> [Exercise] With pictures left out, output exactly the lines from the line holding "Nailpolish Combo" through the end of the data, both included.

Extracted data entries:

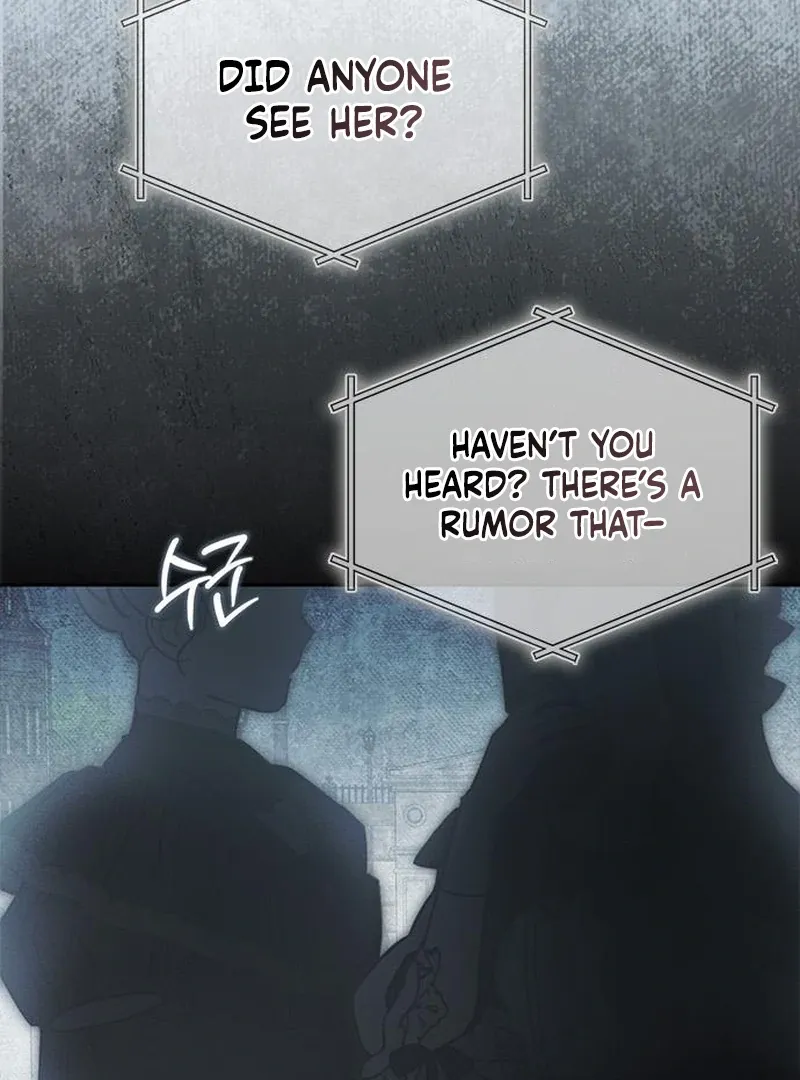 Read Miss Pendleton chapter 45 image 88 on Lezhin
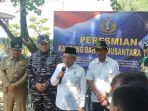 wakil-presiden-ri-kh-maruf-amin-1231.jpg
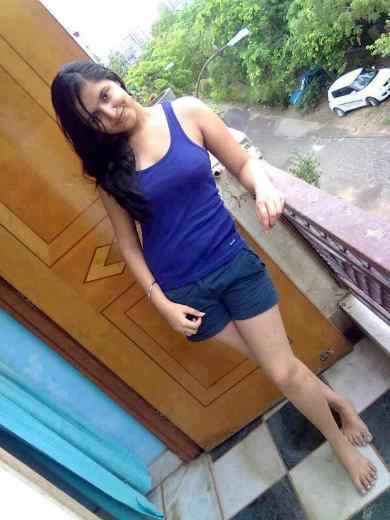 Desire 🌍Play boys need to fresh 🚹young boy🚹 in gigolo work ⚡india⚡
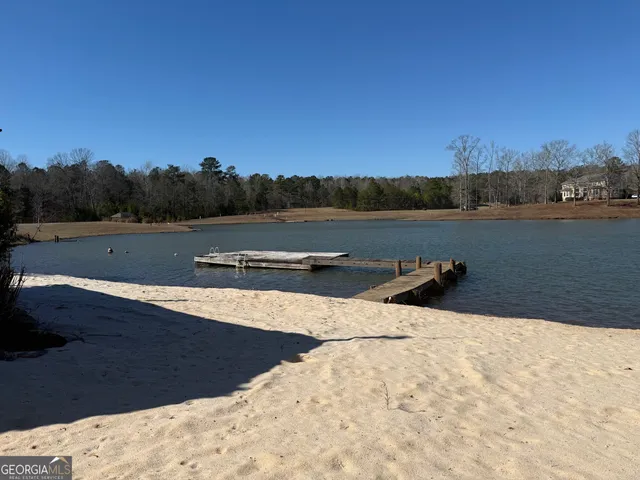 $139,900 | 7.725-ac Slalom Pass, Forsyth, GA 31029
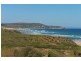 88 Tampa Road, Cape Woolamai VIC 3925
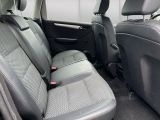 Mercedes-Benz B-Klasse bei Sportwagen.expert - Abbildung (8 / 13)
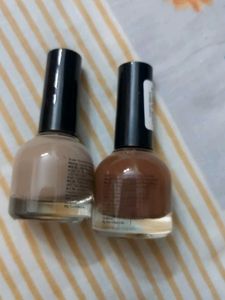 Nailpolish Combo
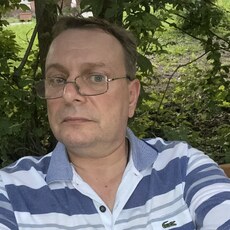 Александр, 51 из г. Красноярск.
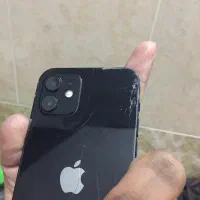 ایفون12|موبایل|تهران, شهرآرا|دیوار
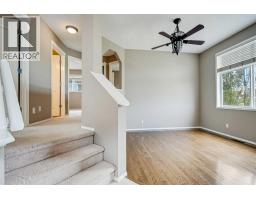 34 Kincora Drive NW - photo 16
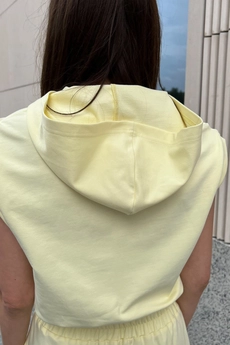 Костюм брючный 405-2 i3i Fashion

> [Task output]
 Nailpolish Combo
 Александр, 51 из г. Красноярск.
 ایفون12|موبایل|تهران, شهرآرا|دیوار
 34 Kincora Drive NW - photo 16
 Костюм брючный 405-2 i3i Fashion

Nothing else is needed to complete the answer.